The culture reached the Gangetic plain in the early 2nd millennium. Recently, the Archaeological Survey of India discovered copper axes and some pieces of pottery in its excavation at the Saharanpur district of Uttar Pradesh.

Pottery
The pottery had a red slip but gave off an ochre color on the fingers of archaeologists who excavated it, hence the name. It was sometimes decorated with black painted bands and incised patterns. It is often found in association with copper hoards, which are assemblages of copper weapons and other artifacts such as anthropomorphic figures.

Agriculture 
OCP culture was rural and agricultural, characterized by cultivation of rice, barley, and legumes, and domestication of cattle, sheep, goats, pigs, horses, and dogs. Most sites were small villages in size, but densely distributed. Houses were typically made of wattle-and-daub.

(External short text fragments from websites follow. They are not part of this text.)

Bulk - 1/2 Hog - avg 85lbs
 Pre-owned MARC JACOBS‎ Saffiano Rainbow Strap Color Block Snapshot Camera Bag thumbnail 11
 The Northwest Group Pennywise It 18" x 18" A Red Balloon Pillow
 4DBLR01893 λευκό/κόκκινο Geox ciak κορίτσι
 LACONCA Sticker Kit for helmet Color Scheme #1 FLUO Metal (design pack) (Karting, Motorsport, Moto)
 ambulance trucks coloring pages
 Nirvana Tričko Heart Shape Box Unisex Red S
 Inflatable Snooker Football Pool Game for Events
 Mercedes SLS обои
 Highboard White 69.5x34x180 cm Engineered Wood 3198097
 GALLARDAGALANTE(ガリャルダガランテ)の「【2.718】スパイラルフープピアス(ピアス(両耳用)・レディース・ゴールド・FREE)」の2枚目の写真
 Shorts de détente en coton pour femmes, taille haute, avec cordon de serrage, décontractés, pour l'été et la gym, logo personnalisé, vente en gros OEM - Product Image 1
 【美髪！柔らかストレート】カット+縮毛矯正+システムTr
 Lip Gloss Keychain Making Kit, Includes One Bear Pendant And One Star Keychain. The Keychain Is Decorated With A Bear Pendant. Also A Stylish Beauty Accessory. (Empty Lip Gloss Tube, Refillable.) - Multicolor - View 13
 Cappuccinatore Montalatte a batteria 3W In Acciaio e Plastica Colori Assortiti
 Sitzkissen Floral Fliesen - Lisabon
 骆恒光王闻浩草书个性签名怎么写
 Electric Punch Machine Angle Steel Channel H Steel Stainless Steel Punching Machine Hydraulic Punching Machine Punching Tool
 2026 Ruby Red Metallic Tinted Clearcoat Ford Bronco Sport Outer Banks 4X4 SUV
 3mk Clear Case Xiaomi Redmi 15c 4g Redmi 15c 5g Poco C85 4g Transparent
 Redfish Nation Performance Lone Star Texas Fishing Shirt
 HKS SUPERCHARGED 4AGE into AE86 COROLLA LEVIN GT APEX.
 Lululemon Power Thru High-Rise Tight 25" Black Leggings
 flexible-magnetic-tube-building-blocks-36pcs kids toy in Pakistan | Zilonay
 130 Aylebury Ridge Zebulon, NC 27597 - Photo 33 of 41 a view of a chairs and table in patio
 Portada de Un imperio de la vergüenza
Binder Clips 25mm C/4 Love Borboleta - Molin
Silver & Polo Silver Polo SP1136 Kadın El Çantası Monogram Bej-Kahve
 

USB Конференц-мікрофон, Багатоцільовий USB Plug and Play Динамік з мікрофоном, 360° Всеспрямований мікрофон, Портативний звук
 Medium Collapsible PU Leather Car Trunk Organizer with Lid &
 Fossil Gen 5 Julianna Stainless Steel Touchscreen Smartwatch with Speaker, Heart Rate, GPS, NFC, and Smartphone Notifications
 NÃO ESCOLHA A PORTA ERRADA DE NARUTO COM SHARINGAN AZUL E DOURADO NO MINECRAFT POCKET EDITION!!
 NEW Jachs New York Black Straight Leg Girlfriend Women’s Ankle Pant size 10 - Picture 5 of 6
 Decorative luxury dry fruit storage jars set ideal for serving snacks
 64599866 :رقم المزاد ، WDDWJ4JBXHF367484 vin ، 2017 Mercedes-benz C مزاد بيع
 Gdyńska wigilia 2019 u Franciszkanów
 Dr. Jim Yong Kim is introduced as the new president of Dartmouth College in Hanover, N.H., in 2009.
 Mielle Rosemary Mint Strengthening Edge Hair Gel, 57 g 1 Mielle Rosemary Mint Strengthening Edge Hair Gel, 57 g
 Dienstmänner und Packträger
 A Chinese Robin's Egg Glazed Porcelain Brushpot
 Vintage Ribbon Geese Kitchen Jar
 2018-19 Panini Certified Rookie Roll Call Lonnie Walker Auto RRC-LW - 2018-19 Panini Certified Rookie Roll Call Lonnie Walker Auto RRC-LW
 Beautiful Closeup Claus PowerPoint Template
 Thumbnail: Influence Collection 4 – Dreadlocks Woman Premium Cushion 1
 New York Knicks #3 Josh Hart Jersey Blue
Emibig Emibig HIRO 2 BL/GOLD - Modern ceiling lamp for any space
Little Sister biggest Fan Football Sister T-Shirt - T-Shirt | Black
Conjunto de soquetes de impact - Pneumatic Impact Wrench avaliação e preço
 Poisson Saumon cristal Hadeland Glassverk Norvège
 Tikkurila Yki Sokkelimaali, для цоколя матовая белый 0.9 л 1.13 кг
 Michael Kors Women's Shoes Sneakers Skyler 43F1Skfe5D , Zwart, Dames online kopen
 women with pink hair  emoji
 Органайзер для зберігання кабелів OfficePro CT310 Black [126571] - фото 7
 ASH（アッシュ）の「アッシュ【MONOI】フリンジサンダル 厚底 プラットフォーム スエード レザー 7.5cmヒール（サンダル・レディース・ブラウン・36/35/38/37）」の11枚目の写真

Other artifacts include animal and human figurines, and ornaments made of copper and terracotta.

Copper hoards

The term copper hoards refers to different assemblages of copper-based artefacts in the northern areas of the Indian Subcontinent that are believed to date from the 2nd millennium BC. Few derive from controlled excavations and several different regional groups are identifiable: southern Haryana/northern Rajasthan, the Ganges-Yamuna plain, Chota Nagpur, and Madhya Pradesh, each with their characteristic artefact types. Initially, the copper hoards were known mostly from the Ganges-Yamuna doab and most characterizations dwell on this material.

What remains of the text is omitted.